Work instruction:
The expected output is exactly the lines below, starting at the line with "LeMieux Mini Double Pom Hat Navy & Aloe" and ending at the line with "Christian Louboutin Nappa", both included; no other line belongs in it.

Supplied records:
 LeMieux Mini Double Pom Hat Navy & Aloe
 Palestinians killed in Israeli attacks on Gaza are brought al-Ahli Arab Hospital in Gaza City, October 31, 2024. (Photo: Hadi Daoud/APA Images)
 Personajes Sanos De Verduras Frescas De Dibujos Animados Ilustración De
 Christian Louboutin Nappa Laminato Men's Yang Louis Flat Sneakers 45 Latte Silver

...

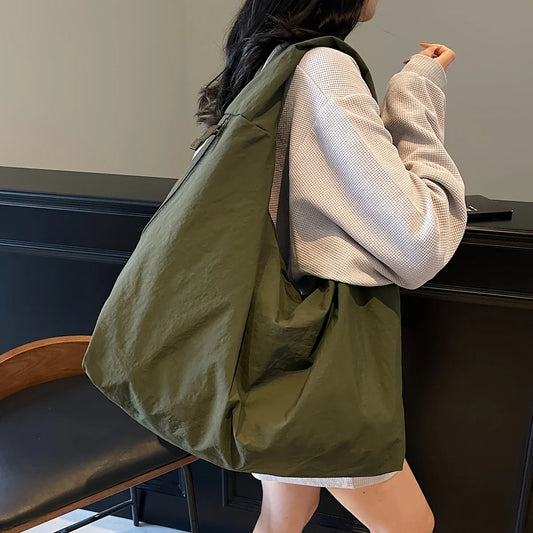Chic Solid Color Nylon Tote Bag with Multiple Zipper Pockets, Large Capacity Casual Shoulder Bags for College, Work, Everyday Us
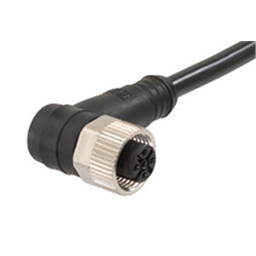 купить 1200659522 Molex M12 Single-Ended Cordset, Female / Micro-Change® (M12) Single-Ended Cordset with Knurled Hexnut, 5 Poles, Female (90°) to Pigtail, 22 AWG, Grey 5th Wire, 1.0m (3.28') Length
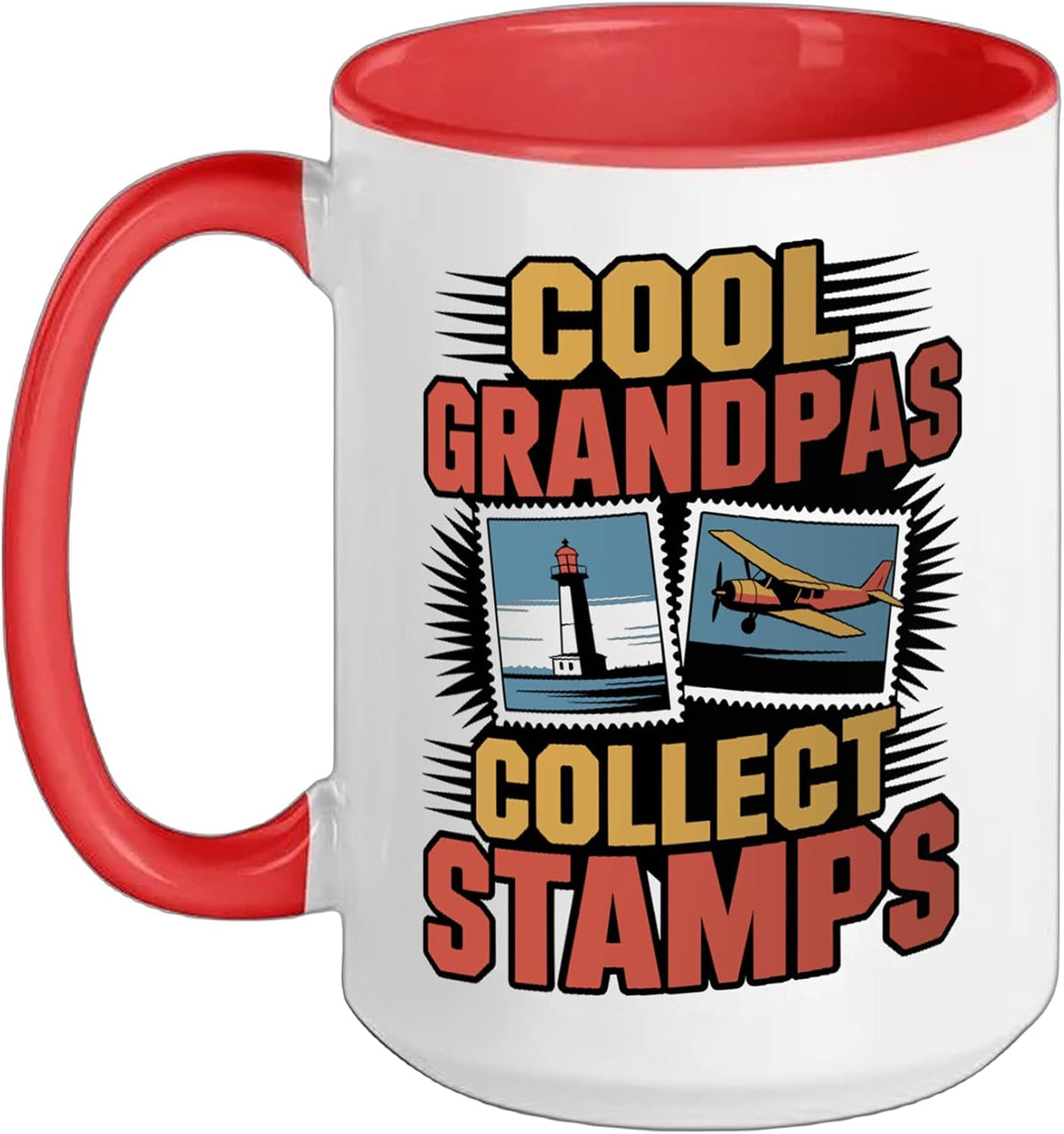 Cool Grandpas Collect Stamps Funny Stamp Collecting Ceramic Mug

Your response:
 LeMieux Mini Double Pom Hat Navy & Aloe
 Palestinians killed in Israeli attacks on Gaza are brought al-Ahli Arab Hospital in Gaza City, October 31, 2024. (Photo: Hadi Daoud/APA Images)
 Personajes Sanos De Verduras Frescas De Dibujos Animados Ilustración De
 Christian Louboutin Nappa Laminato Men's Yang Louis Flat Sneakers 45 Latte Silver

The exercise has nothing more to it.